#### [PROBLEM REQUIREMENTS]
Take the material below from its first line through the line containing "柜式七氟丙烷滅火設備型號參數(shù)" and, please, write those lines again exactly.

━━━ DATA FOR REVIEW ━━━

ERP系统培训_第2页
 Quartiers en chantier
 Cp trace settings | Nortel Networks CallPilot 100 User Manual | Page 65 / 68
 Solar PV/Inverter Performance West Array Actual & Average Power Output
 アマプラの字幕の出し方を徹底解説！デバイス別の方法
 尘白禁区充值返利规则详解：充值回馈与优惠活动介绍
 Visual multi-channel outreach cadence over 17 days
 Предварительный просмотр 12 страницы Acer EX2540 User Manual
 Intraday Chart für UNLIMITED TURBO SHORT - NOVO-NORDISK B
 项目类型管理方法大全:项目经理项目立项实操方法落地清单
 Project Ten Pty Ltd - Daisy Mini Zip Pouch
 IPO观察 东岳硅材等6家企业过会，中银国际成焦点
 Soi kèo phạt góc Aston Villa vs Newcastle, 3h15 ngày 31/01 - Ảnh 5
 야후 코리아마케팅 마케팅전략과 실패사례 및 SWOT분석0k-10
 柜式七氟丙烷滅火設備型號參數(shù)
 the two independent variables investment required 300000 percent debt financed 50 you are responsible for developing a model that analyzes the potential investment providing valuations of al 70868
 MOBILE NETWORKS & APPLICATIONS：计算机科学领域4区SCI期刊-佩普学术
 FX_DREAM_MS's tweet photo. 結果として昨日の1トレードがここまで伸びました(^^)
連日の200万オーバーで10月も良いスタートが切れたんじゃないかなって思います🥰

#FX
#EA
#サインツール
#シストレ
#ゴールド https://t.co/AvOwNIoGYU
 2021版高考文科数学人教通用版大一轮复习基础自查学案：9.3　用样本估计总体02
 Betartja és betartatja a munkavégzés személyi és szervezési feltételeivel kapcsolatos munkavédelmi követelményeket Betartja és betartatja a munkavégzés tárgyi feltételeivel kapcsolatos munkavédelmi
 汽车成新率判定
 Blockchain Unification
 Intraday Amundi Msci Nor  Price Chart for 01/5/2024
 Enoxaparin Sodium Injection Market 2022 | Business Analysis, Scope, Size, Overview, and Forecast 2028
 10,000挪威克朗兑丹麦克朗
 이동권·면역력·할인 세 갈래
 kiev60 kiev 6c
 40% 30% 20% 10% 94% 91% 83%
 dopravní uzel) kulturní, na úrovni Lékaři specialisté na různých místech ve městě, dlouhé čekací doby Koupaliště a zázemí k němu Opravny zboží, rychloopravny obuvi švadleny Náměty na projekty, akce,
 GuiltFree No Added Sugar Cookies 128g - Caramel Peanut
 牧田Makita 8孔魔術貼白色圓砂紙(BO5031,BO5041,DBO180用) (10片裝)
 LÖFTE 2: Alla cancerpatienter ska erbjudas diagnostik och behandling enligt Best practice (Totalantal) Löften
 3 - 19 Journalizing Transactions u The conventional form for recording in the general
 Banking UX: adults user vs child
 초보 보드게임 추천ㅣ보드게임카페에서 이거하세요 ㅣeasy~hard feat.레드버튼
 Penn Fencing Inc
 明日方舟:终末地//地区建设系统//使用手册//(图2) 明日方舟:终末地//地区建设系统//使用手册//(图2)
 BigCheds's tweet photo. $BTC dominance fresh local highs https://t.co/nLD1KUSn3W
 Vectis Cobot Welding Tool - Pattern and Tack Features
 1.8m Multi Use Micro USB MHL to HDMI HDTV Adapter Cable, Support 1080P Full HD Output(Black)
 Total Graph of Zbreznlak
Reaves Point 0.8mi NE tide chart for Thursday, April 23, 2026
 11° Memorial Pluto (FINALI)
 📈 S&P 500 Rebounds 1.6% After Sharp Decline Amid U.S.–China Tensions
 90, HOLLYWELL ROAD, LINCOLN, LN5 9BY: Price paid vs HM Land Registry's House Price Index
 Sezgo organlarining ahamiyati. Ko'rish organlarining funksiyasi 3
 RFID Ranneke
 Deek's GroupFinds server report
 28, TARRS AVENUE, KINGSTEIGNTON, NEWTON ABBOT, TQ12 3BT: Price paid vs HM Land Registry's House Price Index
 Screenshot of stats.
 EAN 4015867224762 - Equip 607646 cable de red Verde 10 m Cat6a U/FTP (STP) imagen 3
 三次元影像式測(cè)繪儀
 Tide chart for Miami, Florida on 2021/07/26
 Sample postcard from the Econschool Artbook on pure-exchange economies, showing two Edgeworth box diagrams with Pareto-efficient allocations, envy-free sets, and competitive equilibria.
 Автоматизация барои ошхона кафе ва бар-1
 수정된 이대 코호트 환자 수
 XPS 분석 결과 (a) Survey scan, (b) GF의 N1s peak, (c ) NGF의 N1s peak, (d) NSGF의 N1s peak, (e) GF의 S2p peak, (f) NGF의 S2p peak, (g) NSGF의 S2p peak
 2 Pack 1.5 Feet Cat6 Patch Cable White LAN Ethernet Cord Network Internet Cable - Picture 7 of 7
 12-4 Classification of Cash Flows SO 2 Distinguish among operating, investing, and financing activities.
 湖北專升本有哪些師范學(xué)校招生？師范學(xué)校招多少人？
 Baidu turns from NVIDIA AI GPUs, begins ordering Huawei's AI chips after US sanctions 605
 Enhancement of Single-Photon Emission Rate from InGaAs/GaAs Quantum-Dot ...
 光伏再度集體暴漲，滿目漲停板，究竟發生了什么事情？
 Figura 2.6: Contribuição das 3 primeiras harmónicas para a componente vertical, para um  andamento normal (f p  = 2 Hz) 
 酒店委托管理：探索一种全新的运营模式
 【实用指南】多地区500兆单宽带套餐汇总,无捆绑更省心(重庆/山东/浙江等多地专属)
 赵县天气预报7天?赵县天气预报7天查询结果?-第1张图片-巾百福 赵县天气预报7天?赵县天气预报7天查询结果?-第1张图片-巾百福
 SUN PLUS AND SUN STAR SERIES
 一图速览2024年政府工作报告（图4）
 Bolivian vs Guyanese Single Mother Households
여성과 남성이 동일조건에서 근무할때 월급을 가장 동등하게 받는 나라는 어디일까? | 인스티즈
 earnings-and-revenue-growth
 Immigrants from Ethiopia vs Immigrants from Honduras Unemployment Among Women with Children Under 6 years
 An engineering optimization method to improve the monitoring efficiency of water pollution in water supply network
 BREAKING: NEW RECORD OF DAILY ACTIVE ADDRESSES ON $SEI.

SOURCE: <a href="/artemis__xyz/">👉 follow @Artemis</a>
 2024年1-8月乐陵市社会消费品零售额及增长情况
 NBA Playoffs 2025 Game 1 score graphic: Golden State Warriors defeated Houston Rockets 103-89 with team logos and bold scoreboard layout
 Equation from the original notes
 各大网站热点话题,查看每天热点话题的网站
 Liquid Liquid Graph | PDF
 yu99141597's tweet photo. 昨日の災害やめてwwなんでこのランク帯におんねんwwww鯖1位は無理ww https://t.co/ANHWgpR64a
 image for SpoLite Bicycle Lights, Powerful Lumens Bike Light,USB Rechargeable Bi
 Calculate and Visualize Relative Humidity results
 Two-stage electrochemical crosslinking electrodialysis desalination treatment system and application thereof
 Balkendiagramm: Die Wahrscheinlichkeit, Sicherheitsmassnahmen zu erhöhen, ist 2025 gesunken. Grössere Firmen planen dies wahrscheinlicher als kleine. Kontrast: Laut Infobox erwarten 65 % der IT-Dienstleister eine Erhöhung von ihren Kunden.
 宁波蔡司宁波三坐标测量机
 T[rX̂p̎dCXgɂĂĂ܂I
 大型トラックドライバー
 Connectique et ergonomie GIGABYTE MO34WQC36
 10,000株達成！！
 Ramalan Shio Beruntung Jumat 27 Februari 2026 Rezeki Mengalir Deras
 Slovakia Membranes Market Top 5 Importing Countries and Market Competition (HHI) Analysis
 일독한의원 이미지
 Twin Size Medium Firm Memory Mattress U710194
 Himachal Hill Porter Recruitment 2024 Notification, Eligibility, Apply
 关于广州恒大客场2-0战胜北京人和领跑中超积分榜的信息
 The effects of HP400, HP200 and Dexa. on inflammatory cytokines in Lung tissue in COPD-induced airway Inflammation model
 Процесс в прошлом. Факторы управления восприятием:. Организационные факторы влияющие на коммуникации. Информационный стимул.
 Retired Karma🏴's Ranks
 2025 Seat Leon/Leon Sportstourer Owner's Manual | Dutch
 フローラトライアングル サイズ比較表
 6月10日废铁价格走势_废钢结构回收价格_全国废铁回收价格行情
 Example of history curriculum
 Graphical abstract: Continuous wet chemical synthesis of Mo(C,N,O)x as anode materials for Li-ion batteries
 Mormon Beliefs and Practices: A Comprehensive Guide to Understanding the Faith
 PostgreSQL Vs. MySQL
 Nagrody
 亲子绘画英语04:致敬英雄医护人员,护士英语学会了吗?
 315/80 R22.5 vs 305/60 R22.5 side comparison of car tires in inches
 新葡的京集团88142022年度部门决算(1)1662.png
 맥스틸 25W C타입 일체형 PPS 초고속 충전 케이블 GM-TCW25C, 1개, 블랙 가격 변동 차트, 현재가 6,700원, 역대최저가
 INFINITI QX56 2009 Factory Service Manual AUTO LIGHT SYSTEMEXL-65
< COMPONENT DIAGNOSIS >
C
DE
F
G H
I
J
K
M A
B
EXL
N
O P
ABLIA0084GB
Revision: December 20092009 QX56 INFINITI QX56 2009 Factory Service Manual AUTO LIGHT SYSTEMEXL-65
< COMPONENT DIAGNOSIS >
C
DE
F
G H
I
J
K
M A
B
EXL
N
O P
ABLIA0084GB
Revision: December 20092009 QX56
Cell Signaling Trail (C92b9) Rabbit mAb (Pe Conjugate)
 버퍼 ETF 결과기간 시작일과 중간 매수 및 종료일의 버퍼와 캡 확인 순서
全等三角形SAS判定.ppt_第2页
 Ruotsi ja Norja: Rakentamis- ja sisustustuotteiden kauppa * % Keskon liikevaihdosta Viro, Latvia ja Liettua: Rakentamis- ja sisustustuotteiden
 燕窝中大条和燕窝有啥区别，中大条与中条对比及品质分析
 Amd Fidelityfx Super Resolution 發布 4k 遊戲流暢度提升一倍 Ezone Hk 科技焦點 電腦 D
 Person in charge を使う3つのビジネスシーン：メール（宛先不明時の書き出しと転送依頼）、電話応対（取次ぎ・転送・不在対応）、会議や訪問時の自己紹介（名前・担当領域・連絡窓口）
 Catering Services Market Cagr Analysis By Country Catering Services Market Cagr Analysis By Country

━━━

#### [SOLUTION TO THIS PROBLEM]
ERP系统培训_第2页
 Quartiers en chantier
 Cp trace settings | Nortel Networks CallPilot 100 User Manual | Page 65 / 68
 Solar PV/Inverter Performance West Array Actual & Average Power Output
 アマプラの字幕の出し方を徹底解説！デバイス別の方法
 尘白禁区充值返利规则详解：充值回馈与优惠活动介绍
 Visual multi-channel outreach cadence over 17 days
 Предварительный просмотр 12 страницы Acer EX2540 User Manual
 Intraday Chart für UNLIMITED TURBO SHORT - NOVO-NORDISK B
 项目类型管理方法大全:项目经理项目立项实操方法落地清单
 Project Ten Pty Ltd - Daisy Mini Zip Pouch
 IPO观察 东岳硅材等6家企业过会，中银国际成焦点
 Soi kèo phạt góc Aston Villa vs Newcastle, 3h15 ngày 31/01 - Ảnh 5
 야후 코리아마케팅 마케팅전략과 실패사례 및 SWOT분석0k-10
 柜式七氟丙烷滅火設備型號參數(shù)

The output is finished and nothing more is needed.